We also recommend that you put the Management server on the same LAN as the Operations Manager and Data Warehouse database server.

Event ID 2115 messages can also occur if the disk subsystem that hosts the database, the logs, or the TempDB that is used by the Operations Manager and Data Warehouse databases is slow or experiences a functionality problem. We recommend that you use RAID 10 and also enable battery-backed Write Cache on the array controller.
Resolution
The first step to troubleshoot the performance-related Event ID 2115 messages is to identify which data items are returned within the event. For example, the Workflow ID indicates which type of data items (such as Discovery, Alerts, Event, Perf) and which database are involved. If the Workflow ID contains the term "DataWarehouse," the troubleshooting focus should be on the Operations Manager Data Warehouse database.
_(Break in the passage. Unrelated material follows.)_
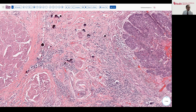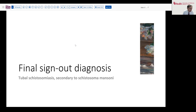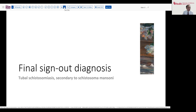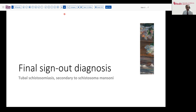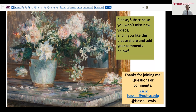That brings us to the end of this quick summary. Our diagnosis is tubal schistosomiasis, in this case most likely secondary to Schistosoma mansoni. We did see a little bit of a lateral hook on some of those eggs. I hope you enjoyed this quick run-through on schistosomiasis. It's fortunately not a highly prevalent disease in much of the world where many of us work.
In other cases, the focus should be on the Operations Manager database.

Scenarios

Scenario 1

In the following example, the problem involves the Microsoft.SystemCenter.CollectSignatureData workflow:

Event Type:Warning Event Source: HealthServiceEvent Category: NoneEvent ID: 2115 Computer: <RMS NAME>Description: A Bind Data Source in Management Group <MANAGEMENT GROUP NAME> has posted items to the workflow, but has not received a response in 300 seconds. This indicates a performance or functional problem with the workflow.Workflow Id : Microsoft.SystemCenter.CollectSignatureDataInstance : <RMS NAME>Instance Id : {F56EB161-4ABE-5BC7-610F-4365524F294E}
Resolution
We can identify the Performance Signature Data Collection Rules in this example by running the following SQL query. This query should be run in SQL Management Studio against the Operations Manager database.

-- Return all Performance Signature Collection Rules Use OperationsManager select managementpack.mpname, rules.rulename from performancesignature with (nolock) inner join rules with (nolock) on rules.ruleid = performancesignature.learningruleid inner join managementpack with(nolock) on rules.managementpackid = managementpack.managementpackid group by managementpack.mpname, rules.rulename order by managementpack.mpname, rules.rulename
This query returns all Performance Signature Collection Rules and their respective Management Pack name. A column is returned for Management Pack name and Rule name.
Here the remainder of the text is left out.